En herbe: Van Gogh to His Sister

De la vue qu’encadrait la fenêtre de sa chambre, il retint le bleu lavande du ciel orageux et des collines et les tons rompus de bleu-vert du champ de blé en herbe. — (Steven Naifeh, Van Gogh, 2013)

From a letter of Van Gogh to his sister (Paris, 1887):

“Now comparing people with grains of wheat — in every person who’s healthy and natural there’s the power to germinate as in a grain of wheat. And so natural life is germinating.

What the power to germinate is in wheat, so love is in us. Now we, I think, stand there pulling a long face or at a loss for words when, being thwarted in our natural development, we see that germination frustrated and ourselves placed in circumstances as hopeless as they must be for the wheat between the millstones.
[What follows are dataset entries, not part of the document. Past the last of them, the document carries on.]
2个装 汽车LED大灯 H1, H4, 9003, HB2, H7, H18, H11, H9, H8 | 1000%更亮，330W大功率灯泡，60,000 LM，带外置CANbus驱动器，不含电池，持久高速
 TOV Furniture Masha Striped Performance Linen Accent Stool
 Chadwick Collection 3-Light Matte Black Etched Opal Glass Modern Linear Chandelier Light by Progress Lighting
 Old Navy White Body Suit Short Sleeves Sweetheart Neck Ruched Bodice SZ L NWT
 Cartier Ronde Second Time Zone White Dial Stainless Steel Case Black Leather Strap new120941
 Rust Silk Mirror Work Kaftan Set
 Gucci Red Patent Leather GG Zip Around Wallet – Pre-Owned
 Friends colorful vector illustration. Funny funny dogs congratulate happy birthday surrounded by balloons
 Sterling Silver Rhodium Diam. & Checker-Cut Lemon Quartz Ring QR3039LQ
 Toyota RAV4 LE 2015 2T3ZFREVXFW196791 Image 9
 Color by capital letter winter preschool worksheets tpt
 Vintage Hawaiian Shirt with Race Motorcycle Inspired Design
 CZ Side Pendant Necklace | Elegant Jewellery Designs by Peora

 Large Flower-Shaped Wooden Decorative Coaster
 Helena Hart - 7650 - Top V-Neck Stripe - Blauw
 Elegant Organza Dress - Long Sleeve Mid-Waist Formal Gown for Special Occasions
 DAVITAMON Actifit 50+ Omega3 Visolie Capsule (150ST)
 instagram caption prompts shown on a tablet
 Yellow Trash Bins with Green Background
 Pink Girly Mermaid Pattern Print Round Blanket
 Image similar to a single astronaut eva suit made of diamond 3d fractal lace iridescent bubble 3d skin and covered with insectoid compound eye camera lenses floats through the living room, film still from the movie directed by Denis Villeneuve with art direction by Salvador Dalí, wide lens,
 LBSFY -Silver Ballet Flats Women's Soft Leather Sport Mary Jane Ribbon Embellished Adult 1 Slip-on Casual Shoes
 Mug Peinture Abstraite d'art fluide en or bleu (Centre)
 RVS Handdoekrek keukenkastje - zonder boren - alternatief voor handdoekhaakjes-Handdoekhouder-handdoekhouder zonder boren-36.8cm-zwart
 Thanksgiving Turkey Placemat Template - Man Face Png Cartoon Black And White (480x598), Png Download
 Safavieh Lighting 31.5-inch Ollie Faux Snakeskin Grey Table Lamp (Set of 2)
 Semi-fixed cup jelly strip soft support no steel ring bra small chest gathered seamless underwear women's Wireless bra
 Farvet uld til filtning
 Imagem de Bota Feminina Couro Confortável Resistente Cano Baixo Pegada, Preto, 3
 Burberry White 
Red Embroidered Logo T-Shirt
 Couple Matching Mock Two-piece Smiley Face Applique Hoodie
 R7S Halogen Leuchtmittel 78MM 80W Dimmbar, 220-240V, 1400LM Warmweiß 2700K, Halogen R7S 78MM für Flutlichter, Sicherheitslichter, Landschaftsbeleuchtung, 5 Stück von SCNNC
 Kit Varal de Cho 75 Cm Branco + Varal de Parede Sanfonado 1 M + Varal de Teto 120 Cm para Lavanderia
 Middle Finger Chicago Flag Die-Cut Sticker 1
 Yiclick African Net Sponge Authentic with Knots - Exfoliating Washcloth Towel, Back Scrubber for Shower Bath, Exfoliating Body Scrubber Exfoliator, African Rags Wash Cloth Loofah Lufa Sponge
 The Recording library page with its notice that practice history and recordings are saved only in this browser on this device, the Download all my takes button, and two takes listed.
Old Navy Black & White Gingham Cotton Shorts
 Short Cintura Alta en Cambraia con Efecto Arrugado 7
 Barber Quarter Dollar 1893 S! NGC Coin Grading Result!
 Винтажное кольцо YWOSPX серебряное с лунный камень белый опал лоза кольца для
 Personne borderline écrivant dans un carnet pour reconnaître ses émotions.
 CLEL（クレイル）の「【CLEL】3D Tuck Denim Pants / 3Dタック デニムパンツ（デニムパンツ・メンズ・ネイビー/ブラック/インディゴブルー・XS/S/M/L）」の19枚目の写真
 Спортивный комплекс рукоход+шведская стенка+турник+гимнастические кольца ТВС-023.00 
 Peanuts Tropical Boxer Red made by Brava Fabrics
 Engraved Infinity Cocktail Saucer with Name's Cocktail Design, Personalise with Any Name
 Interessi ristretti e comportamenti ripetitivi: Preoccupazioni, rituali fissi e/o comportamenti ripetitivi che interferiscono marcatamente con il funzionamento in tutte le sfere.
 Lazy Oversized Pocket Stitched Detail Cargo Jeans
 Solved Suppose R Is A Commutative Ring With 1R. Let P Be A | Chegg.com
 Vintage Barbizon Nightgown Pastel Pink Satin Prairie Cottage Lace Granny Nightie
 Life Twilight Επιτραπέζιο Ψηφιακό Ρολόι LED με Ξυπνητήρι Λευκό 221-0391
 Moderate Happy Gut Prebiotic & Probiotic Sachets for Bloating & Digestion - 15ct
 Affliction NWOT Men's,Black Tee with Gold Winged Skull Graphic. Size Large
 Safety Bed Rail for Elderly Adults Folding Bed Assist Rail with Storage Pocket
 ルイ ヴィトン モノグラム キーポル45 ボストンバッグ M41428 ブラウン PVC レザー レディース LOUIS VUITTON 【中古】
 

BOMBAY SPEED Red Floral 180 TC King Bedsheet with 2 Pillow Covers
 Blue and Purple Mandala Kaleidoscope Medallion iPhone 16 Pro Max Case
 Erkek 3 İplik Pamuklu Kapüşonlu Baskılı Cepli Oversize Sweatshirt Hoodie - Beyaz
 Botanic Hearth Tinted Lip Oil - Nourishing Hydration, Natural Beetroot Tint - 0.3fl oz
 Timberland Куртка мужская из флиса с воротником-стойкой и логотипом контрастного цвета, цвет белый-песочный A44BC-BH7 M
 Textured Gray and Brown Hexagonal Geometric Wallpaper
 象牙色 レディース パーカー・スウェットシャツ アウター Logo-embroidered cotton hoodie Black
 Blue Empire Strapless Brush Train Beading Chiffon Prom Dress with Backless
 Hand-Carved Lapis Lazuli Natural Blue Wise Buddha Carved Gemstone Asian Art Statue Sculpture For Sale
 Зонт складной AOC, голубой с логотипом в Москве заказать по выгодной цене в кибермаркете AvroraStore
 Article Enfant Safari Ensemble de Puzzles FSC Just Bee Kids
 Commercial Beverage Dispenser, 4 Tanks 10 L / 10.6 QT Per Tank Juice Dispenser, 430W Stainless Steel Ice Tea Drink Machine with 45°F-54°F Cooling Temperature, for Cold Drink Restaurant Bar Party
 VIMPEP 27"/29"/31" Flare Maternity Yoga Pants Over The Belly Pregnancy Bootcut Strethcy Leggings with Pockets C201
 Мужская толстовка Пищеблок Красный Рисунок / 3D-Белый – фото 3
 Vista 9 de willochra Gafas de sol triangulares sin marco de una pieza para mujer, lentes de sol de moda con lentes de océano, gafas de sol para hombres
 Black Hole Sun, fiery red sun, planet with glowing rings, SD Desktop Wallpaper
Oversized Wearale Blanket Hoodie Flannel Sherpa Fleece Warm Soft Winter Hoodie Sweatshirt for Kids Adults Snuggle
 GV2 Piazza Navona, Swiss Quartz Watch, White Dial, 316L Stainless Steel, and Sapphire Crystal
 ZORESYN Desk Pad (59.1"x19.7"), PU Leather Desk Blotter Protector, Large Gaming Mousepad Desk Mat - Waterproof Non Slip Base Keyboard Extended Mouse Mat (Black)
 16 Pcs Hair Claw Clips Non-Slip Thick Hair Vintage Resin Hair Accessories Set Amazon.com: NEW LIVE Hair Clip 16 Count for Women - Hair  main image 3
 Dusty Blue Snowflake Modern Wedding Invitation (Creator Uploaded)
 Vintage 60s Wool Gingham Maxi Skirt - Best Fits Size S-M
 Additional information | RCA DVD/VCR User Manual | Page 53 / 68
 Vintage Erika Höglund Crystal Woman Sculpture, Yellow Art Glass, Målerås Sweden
If this happens to us and we’re utterly bewildered by the loss of our natural life, there are some among us who, willing to submit themselves to the course of things as they are, nonetheless don’t abandon their self-awareness and want to know how things are with them and what’s actually happening. And searching with good intentions in the books of which it is said they are a light in the darkness, with the best will in the world we find precious little certain at all and not always satisfaction to comfort us personally. And the diseases from which we civilized people suffer the most are melancholia and pessimism.”